ゲーム
VRゲームの可能性と今後について
毎年のように今年こそはVR元年と言われ続けているVR界隈ですが、課題も多く未だ爆発的な普及をみせるには至っていません。
そんなVRですが、今回はVRゲームに的を絞って従来のビデオゲームと比べてどんなところが優れているのか、そして今後のVRゲームはどんな方向に向かって進んで行くのかを改めて考えてみましょう。
【目次】
①VRゲームを取り巻く現状は?
②映像の世界に入り込む没入体験
③体を動かすことによる健康促進
④体験型の学習や訓練
⑤他人とのコミュニケーション
⑥北米VR市場の変化
⑦まとめ
<①VRゲームを取り巻く現状は?>
2023年に入り2月にはPSVR2が10月にはMeta Quest3が発売となり、待望の新機種が出そろったVRヘッドセットですが、販売価格の高騰もあってか期待されていたほどの盛り上がりはみせていません。VRゲーム市場に関しても、悲観的な見方が散見されるようになっています。

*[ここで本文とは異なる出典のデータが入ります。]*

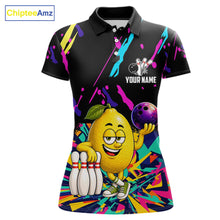 Load image into Gallery viewer, Colorful lemon bowling polo shirt for women with vibrant custom bowling team graphics.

とは言え、明るい材料がまったくないというわけでもありません。AR機能を重視し高機能路線に舵を切ったQuest3に対して、廉価モデルが来年登場するという噂もあるほか、今年6月には「東京クロノス」や「DYSCHRONIA: Chronos Alternate」などのVRゲームを手掛けてきたゲームスタジオMyDearestがVRゲームのパブリッシング事業を開始するといった動きもありました。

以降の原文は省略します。